Maybe Women Simply are More Ethical than Men

This is really interesting.

From a recent Morning Edition segment, Why Men Outnumber Women Attending Business Schools, comes this provocative subheading:

New research explores gender disparities in business school enrollment by the different ways men and women appear to process ethical compromise.

Here are the “players” (the names/people in the segment):

David Greene: Host of the Program
Shankar Vedantam: the reporter for this segment, a social science researcher
Laura Cray: a researcher at the Haas School of Business at the University of California, Berkeley

Some excerpts (please read carefully) from the segment:

LAURA CRAY: What I found is firstly that men tend to have more lenient ethical standards than women, and secondly, that negotiators are more likely to tell a blatant lie to a female counterpart than a male counterpart.
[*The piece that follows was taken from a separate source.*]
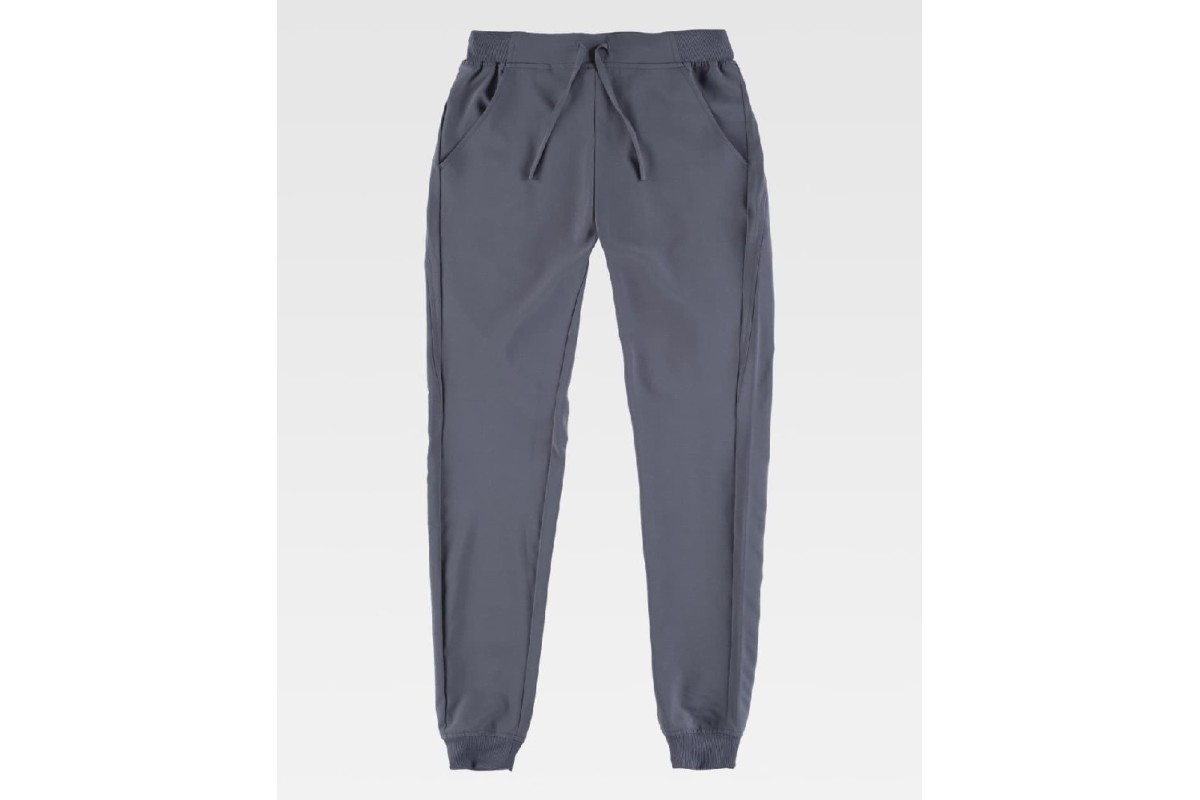 Pantalón pijama Jogger B6930 Gris Oscuro Foto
VEDANTAM: So both men and women, when they’re asked to represent the buyer (in an imaginary real estate negotiation), they seem to come to different conclusions. Men are more willing to lie on behalf of the buyer and say they are not planning to turn this project into a commercial project. Women are more likely to be upfront and tell the truth.

GREENE: So let me stop you there. She’s basically saying that men are morally inferior to women.?

GREENE: That men are more willing to just lie on behalf of who they representing?

VEDANTAM: You know, psychologically, David, that is one way to put it. But there’s something else going on. In a study that Kray conducted with Michael Haselhuhn, she found that men tend to apply ethical principles egocentrically. And what that means is that when an ethical decision affects them negatively, they’re likely to perceive the situation as being unethical. But when the situation benefits them, they’re likely to say: Well, it’s a gray area – it’s not such a big deal.

GREENE: So let me just make sure I understand that. If a man is representing the person who is selling the house, they’re going to say: Hey, the buyer should be honest here, they should be ethical, they should admit that their intention is to turn this into a big condo unit. But if they’re actually representing the buyer they might say: Oh, it’s fine, this is business, I don’t need to tell you I’m going to turn this into a condo.

GREENE: So these differences in sort of ethical thinking, do these researchers think that they say a lot about women and their comfort or discomfort with the world of business?

VEDANTAM: I think that’s exactly what they’re saying. They are saying at in every step of the process, right from business school on to the actual corporate world, women are confronting a triple hurdle. The first hurdle is that men are more willing to accept jobs that involve ethical compromise. Men seem to be less plagued by ethical doubt. And women are not only plagued by ethical doubt, they’re actually targeted for deception.

And some observations.

First, maybe men really are not as ethical as women. (Have you ever suspected this?  I think I have…)

Second, this may mean that… men are simply not very ethical. What does this say about ethics, corruption, “blind spots” in our society — a society where men make up far more positions of power and authority than women?

Third (an issue the segment raises), maybe this is part of what leads to lower numbers of women entering business. But,

It’s her hope (Ms. Cray) that if women actually understand the way they’re thinking about business, that they actually understand that process, they will find a way to stay in the game and also stay ethical.

I think men have some ethical (make that unethical) facing up to do…

And, let’s remember — there is a difference between what one can get away with  “legally,” and what is right, ethical, “noble.”

One thought on “Maybe Women Simply are More Ethical than Men

  1. No, not all men are unethical.

    But, maybe, these observations (by a researcher from U C Berkeley, and a social science researcher) might make more people think about ethical issues.

    And, there are plenty of examples of “wide-spread” ethical…”lapses” might be the word. Think of all the lapses that helped lead to the financial collapse in 2008 (Like Michael Lewis chronicles, among the mortgage companies especially, in The Big Short).

    I found the segment through-provoking. And, I think it helps prompt a conversation worth pursing.